Xiao Peng, Cai Xingyu, Rajasekaran Sanguthevar
IEEE/ACM Trans Comput Biol Bioinform. 2021 Jan-Feb;18(1):27-37. doi: 10.1109/TCBB.2020.3024222. Epub 2021 Feb 3.
Discovering patterns in biological sequences is a crucial step to extract useful information from them. Motifs can be viewed as patterns that occur exactly or with minor changes across some or all of the biological sequences. Motif search has numerous applications including the identification of transcription factors and their binding sites, composite regulatory patterns, similarity among families of proteins, etc. The general problem of motif search is intractable. One of the most studied models of motif search proposed in literature is Edit-distance based Motif Search (EMS). In EMS, the goal is to find all the patterns of length l that occur with an edit-distance of at most d in each of the input sequences. EMS algorithms existing in the literature do not scale well on challenging instances and large datasets. In this paper, the current state-of-the-art EMS solver is advanced by exploiting the idea of dimension reduction. A novel idea to reduce the cardinality of the alphabet is proposed. The algorithm we propose, EMS3, is an exact algorithm. I.e., it finds all the motifs present in the input sequences. EMS3 can be also viewed as a divide and conquer algorithm. In this paper, we provide theoretical analyses to establish the efficiency of EMS3. Extensive experiments on standard benchmark datasets (synthetic and real-world) show that the proposed algorithm outperforms the existing state-of-the-art algorithm (EMS2).

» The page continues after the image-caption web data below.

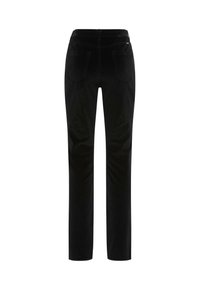 Zwarte corduroy broek met rechte pijpen, voorzien van twee achterzakken en een ritssluiting. Zachte textuur met zichtbaar geribbelde patroon.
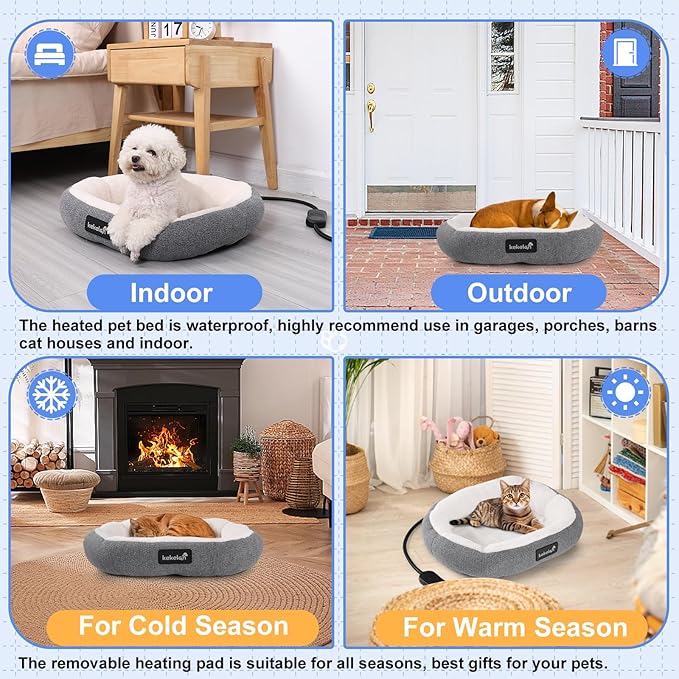 Indoor Heated Cat Bed, Heated Pets Bed for Indoor Cats Kitten Small Dogs Puppy Machine Washable Electric Warming Bed Mat Soft Cozy Pet Heating Pad with Timer & Temp Adjustable
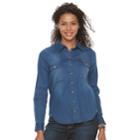 Women's Lee Denim Button-down Top, Size: Xl, Blue (navy)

在生物序列中发现模式是从这些序列中提取有用信息的关键步骤。基序可以被视为在部分或所有生物序列中精确出现或略有变化的模式。基序搜索有许多应用,包括转录因子及其结合位点的识别、复合调控模式、蛋白质家族间的相似性等。基序搜索的一般问题是难以处理的。文献中提出的最受研究的基序搜索模型之一是基于编辑距离的基序搜索(EMS)。在EMS中,目标是找到在每个输入序列中编辑距离至多为d出现的所有长度为l的模式。文献中现有的EMS算法在具有挑战性的实例和大型数据集上扩展性不佳。在本文中,通过利用降维思想改进了当前最先进的EMS求解器。提出了一种降低字母表基数的新颖想法。我们提出的算法EMS3是一种精确算法。即,它能找到输入序列中存在的所有基序。EMS3也可以被视为一种分治算法。在本文中,我们提供理论分析以确定EMS3的效率。在标准基准数据集(合成和真实世界)上进行的大量实验表明,所提出的算法优于现有的最先进算法(EMS2)。